Immigration alone is not enough

Talks about setting up his own school class in Hanoi are already under way, he says. “I believe that we are on a very good path if we bring the Vietnamese trainees to Germany as a building block – and I want to emphasize that, as a building block.” But even though immigration from Vietnam and the cooperation with that country “are off to a very good start,” Mager concedes: “We will surely not be able to solve all of our problems with Vietnamese, Chinese, or Spaniards.”

The job of caregivers for the elderly is already among the understaffed or short-staffed occupations in Germany. Jobs remain unfilled everywhere, but that is only the beginning. According to estimates by experts, the number of those in need of care will rise in the wake of the demographic change from currently 2.3 million to around 3.4 million by 2030. If nothing changes fundamentally, there will be a shortage of around 150,000 certified caregivers in ten years, in 2030 there could be half a million unfilled jobs.

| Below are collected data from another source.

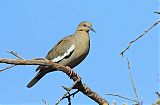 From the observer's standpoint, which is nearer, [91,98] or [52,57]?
[91,98]

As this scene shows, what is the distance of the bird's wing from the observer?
21.7ft

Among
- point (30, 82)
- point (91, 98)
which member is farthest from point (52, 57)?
point (91, 98)

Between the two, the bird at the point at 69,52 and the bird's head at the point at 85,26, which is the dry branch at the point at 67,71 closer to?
the bird at the point at 69,52

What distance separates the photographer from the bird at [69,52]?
6426 millimetres

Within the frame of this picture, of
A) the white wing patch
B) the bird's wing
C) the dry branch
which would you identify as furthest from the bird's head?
the dry branch

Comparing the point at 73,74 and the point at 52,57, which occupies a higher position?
the point at 52,57

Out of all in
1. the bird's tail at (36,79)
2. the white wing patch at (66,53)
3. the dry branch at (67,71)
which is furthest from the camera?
the white wing patch at (66,53)

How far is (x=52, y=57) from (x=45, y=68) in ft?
1.70

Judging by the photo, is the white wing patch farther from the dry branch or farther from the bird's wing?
the dry branch

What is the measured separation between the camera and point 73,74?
5.22 metres

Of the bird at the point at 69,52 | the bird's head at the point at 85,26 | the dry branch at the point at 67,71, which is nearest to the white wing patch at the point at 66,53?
the bird at the point at 69,52

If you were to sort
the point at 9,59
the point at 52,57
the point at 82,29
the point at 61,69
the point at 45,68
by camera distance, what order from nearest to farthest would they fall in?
the point at 9,59, the point at 61,69, the point at 45,68, the point at 52,57, the point at 82,29

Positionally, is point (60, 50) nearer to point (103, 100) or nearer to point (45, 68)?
point (45, 68)

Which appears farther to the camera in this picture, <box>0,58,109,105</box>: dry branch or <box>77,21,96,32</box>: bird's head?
<box>77,21,96,32</box>: bird's head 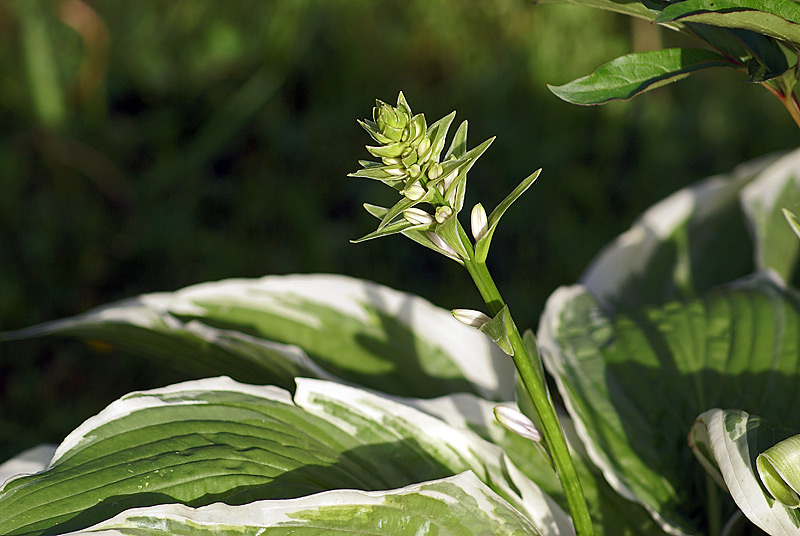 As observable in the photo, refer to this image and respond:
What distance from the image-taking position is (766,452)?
0.37 metres

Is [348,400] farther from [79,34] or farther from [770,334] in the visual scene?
[79,34]

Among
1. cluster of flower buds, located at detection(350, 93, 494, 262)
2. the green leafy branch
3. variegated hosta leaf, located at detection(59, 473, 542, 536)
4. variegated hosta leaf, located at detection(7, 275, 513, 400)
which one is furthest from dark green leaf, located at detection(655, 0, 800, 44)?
variegated hosta leaf, located at detection(7, 275, 513, 400)

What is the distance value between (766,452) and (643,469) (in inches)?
6.4

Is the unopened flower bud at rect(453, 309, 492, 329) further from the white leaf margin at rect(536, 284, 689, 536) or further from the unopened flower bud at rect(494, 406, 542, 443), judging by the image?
the white leaf margin at rect(536, 284, 689, 536)

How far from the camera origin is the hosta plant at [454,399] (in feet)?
1.22

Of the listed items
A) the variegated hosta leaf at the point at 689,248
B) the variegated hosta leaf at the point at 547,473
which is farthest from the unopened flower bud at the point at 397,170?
the variegated hosta leaf at the point at 689,248

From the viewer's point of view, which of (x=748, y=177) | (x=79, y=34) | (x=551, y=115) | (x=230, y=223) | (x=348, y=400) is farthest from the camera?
(x=79, y=34)

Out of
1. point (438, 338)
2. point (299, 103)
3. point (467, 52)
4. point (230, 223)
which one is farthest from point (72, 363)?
point (467, 52)

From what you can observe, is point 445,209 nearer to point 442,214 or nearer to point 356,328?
point 442,214

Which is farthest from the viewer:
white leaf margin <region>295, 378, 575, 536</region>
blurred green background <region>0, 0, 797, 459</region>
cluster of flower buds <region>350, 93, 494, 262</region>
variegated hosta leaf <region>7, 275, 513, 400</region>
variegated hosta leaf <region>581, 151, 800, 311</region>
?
blurred green background <region>0, 0, 797, 459</region>

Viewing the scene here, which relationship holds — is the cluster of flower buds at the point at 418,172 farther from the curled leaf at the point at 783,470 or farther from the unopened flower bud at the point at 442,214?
the curled leaf at the point at 783,470

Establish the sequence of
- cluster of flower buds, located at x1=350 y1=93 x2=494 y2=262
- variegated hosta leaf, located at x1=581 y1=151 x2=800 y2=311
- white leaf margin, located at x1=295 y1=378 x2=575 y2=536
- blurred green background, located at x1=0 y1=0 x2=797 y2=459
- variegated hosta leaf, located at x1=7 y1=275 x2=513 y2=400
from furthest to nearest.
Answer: blurred green background, located at x1=0 y1=0 x2=797 y2=459
variegated hosta leaf, located at x1=581 y1=151 x2=800 y2=311
variegated hosta leaf, located at x1=7 y1=275 x2=513 y2=400
white leaf margin, located at x1=295 y1=378 x2=575 y2=536
cluster of flower buds, located at x1=350 y1=93 x2=494 y2=262

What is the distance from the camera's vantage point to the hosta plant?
37cm

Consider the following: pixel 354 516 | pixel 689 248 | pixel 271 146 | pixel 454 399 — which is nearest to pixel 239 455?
pixel 354 516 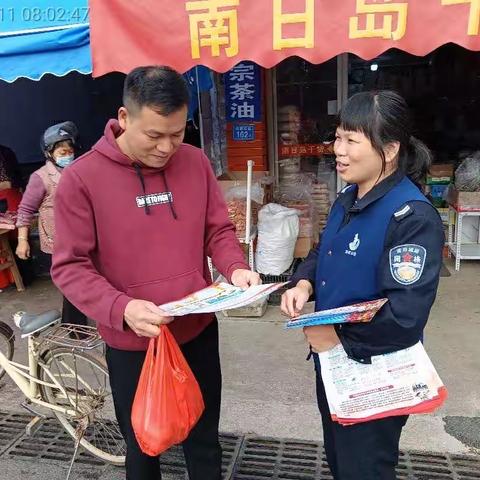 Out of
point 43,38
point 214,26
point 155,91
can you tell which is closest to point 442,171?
point 214,26

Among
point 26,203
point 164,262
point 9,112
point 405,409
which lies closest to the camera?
point 405,409

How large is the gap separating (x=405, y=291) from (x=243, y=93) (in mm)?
4328

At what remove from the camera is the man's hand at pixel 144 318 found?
1647 millimetres

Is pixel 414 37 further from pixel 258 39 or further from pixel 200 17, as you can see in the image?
pixel 200 17

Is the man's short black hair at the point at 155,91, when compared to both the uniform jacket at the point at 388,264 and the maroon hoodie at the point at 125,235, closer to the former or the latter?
the maroon hoodie at the point at 125,235

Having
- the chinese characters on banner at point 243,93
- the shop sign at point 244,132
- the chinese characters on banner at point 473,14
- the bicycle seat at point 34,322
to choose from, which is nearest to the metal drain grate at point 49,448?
the bicycle seat at point 34,322

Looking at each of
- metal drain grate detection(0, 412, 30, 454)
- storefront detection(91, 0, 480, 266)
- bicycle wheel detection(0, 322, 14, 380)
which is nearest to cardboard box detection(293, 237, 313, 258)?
storefront detection(91, 0, 480, 266)

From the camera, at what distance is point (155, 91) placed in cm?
163

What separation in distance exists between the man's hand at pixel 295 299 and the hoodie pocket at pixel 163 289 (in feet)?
1.14

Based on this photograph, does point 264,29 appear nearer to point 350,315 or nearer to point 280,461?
point 350,315

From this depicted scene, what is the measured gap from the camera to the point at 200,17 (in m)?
3.09

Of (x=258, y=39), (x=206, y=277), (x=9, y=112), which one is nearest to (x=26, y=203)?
(x=258, y=39)

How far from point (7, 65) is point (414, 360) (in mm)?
3283

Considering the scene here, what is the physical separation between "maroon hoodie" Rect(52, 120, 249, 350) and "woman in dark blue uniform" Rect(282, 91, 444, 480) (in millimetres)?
416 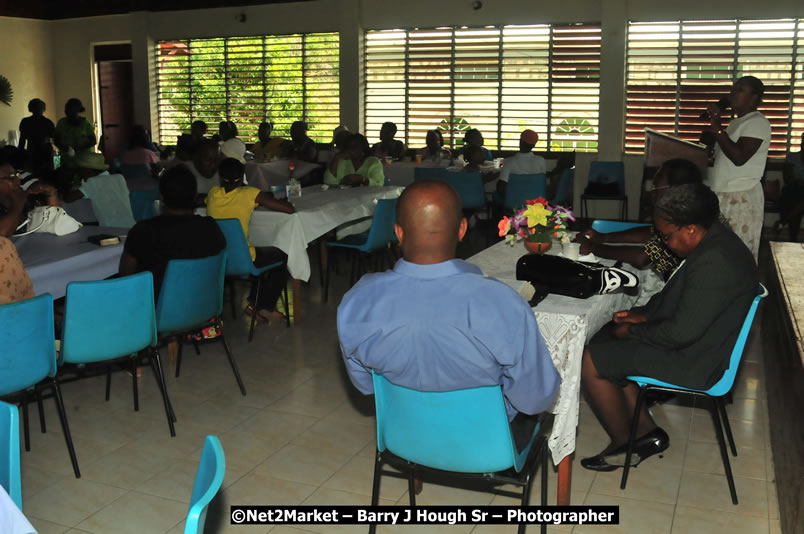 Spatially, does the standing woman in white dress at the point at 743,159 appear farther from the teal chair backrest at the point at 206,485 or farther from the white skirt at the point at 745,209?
the teal chair backrest at the point at 206,485

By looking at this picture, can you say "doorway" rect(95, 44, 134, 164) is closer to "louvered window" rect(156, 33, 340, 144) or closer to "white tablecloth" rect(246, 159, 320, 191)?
"louvered window" rect(156, 33, 340, 144)

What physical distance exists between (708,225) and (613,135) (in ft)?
24.4

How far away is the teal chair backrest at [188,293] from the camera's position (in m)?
3.87

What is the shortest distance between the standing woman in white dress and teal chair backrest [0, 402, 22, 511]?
13.8 feet

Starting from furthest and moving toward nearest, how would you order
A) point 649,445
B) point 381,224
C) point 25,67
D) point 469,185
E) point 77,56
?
point 77,56, point 25,67, point 469,185, point 381,224, point 649,445

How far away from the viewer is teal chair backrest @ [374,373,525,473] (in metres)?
2.22

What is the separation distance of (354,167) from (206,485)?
20.1 ft

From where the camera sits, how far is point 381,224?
609 cm

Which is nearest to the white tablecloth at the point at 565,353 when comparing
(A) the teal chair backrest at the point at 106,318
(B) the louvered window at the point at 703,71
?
(A) the teal chair backrest at the point at 106,318

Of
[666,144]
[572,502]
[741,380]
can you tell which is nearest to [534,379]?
[572,502]

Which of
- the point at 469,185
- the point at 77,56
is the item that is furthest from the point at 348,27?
the point at 77,56

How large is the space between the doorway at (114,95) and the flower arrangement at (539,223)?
11.3m

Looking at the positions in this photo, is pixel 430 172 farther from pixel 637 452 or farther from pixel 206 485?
pixel 206 485

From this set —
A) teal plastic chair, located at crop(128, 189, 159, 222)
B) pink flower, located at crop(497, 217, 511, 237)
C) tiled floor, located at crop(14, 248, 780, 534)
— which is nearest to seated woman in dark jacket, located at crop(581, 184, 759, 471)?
tiled floor, located at crop(14, 248, 780, 534)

The job must become more attractive

Anna Koniecko-Sippel of the Bavarian Red Cross takes a skeptical view of the future. For years, she says, skilled workers have been recruited abroad, but that is not changing anything about the great shortage. “We have elderly care nurses from Poland, Croatia, Vietnam, Bosnia, it’s not enough.” A training drive also failed to provide any improvement. “We trained our own classes for our organization, but we can no longer do that because we do not have enough applications. And once people have been trained, they seek something better and don’t want to remain in elderly care. They want to study and do something else.”

That has to do largely with the profession’s lack of attractiveness. The pay for elderly care nurses is comparatively poor, and they enjoy little recognition and appreciation within society. At the same time, the profession is very demanding and taxing. It is urgent for this mismatch to change, warns Dennis Ostwald of the economic institute WifOR.

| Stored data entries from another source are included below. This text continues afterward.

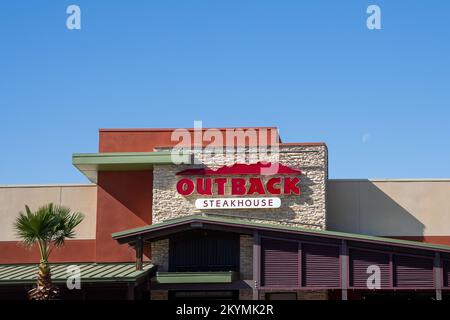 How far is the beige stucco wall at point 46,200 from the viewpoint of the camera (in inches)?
1409

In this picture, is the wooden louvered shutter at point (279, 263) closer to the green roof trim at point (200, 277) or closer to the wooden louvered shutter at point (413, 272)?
the green roof trim at point (200, 277)

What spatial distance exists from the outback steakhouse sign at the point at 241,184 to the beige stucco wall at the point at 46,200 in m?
5.05

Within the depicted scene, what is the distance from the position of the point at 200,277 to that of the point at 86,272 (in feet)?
15.9

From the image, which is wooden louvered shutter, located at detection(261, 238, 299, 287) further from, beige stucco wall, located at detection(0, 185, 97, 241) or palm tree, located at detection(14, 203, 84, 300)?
beige stucco wall, located at detection(0, 185, 97, 241)

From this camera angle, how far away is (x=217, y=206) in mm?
33062

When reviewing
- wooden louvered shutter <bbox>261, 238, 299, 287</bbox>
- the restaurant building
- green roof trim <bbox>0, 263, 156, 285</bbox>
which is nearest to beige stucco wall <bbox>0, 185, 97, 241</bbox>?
the restaurant building

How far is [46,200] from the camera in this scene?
36125mm

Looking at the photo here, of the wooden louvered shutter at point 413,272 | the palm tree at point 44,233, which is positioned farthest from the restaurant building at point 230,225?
the palm tree at point 44,233

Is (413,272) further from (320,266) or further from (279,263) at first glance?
(279,263)

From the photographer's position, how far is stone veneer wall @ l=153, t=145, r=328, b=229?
32.9 metres

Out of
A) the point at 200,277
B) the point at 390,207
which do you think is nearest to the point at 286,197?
the point at 390,207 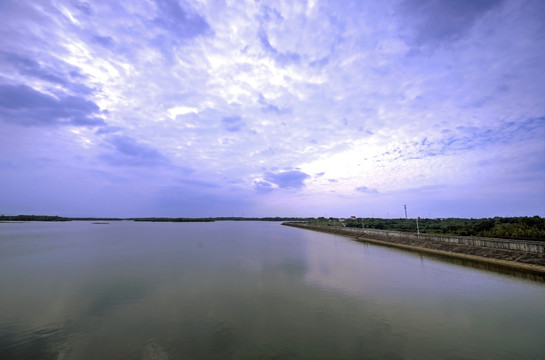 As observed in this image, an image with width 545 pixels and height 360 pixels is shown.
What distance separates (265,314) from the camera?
11461 mm

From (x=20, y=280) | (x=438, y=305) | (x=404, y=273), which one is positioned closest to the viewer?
(x=438, y=305)

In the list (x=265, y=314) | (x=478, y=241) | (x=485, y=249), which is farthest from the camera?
(x=478, y=241)

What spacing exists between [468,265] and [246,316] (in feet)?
77.4

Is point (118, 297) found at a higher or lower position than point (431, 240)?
lower

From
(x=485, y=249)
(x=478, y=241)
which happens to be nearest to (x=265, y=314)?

Caring for parents or going to work?

According to Ostwald, the caregiving sector is the Achilles heel of the overall economy and of prosperity. “If we can no longer care for the elderly because we have a shortage of skilled workers, this has repercussions for other sectors.” He said there was a lack of skilled workers in other sectors too. “And what will happen if workers there demand a collective bargaining agreement for a 32-hour week, because they want to use four hours to care for their parents?,” asks Oswald.

What lies ahead for nursing care is thus most likely the discussion that has been going on about childcare in recent years, but on a larger scale. One hundred trainees from Vietnam and another hundred in a subsequent project, that is far too little for Ostwald. What he has in mind goes much further: 2000 additional caregivers per year from third countries, so his calculation, that is the right approach. For a start.